No. This guy is cooler. Even at 77 years old, with the whitest hair and the plainest clothes — a white long sleeve sweatshirt and black sweatpants — Sandy Koufax couldn't have made a grander entrance. He has come to Dodgers camp before, but this was the start of something different. He's going to suit up in a Dodgers uniform and be a pitching instructor for the next 10 days or so. If all goes well — if the Dodgers feel their pitchers are getting something out of it, and if Koufax enjoys himself — the arrangement will continue into the regular season. From there, who knows?
"I’d like to see this organization be a winner again," Koufax said. "I don’t know if I can do that much, but I can try and help."
The relationship between Koufax and the Dodgers has been complicated ever since he stunned baseball in 1966 by retiring at the peak of his career at age 30. Koufax spent time with the Dodgers as a minor league pitching coach from 1979-1990, but reportedly quit when he became unhappy with the team's direction. In 2003 when Fox and Rupert Murdoch owned the Dodgers, he severed ties with the team completely after the New York Post (also a Fox company) printed rumors about Koufax's personal life. Even before that, Koufax had been regarded as a private person, crafty at avoiding the spotlight — especially for someone so famous.
He has stopped by spring training in Arizona from time to time — but he's also done the same at New York Mets camp.

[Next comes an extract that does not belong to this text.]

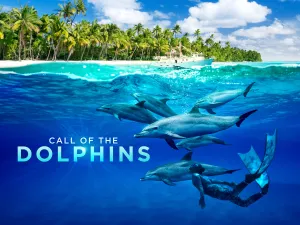 Film Call of the Dolphins Poster. Foto: MacGillivray Freeman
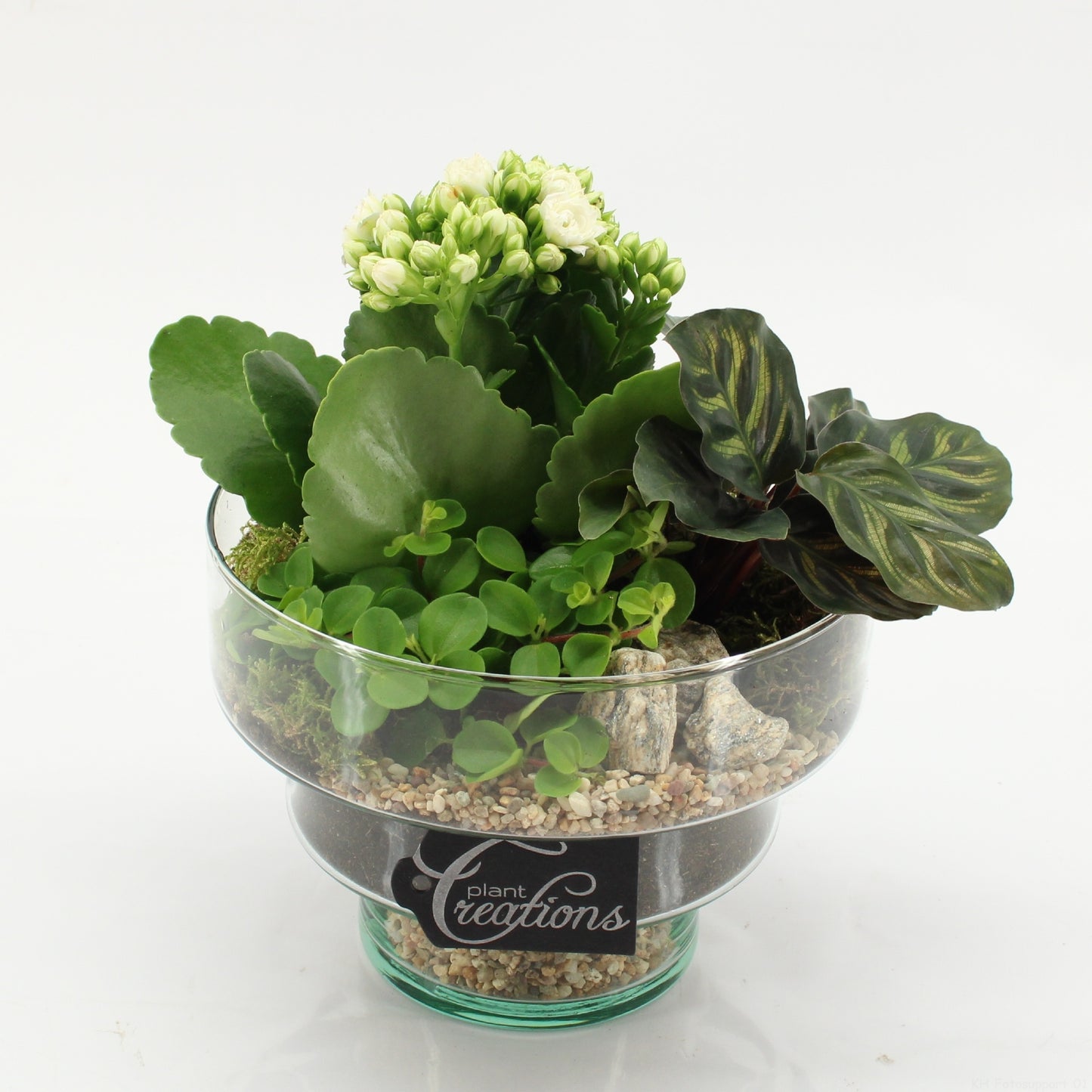 Indoor flowering arrangement 20cm 17cm Pot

He even received some criticism for it.
"Anyplace else they said I was 'working with pitchers’ — I went to see friends; I wasn’t working with pitchers," said Koufax, who went to high school with Mets owner Fred Wilpon. And when the Mets asked him to put on a uniform and instruct, Koufax refused.
"They’ve asked," Koufax said. "And I said, ‘I can’t.’ I wasn’t looking for a job so there was no reason to put on a uniform."
He likes what new Dodgers ownership is doing, from player personnel to stadium improvements.
"This is the only organization I’ve ever played in or been in," Koufax said. "I came here with Jackie [Robinson] and Gil [Hodges] and Duke [Snider] … and played with great people like Don [Newcombe] and Tommy [Davis], Willie [Davis] and Maury [Wills]."
Koufax has given much to the Dodgers. Perhaps he just feels like it's time to give a little more.
When he stopped by Dodgers camp a year ago, Koufax suggested to left-hander Chris Capuano a different way to stand on the pitching rubber.
"Sandy is the kind of guy who loves talking baseball, but he won’t necessarily come up to you. You kind of have to go up to him and ask questions," Capuano said. "He’s here for 10 days. I plan on finding a moment, maybe when I’m throwing a side, and trying to pick his brain."
Capuano said other pitchers should take advantage, once they get over being star struck.
"I think sometimes when you get around a legend like that, you get a little tongue tied," Capuano said. "But he dispells that very quickly. He’s easy to talk to."
Koufax isn't yet sure what he'll say or who he'll work with. Whatever pitching coach Rick Honeycutt needs, he says. But he does have something to offer.
"I'll say this," Koufax said. "Throwing hasn’t changed, not since the caveman. Pitching may have changed a little bit. I think there’s more emphasis on changing speeds than there used to be. Pitching itself has changed a little but it’s still throwing. It’s precision throwing."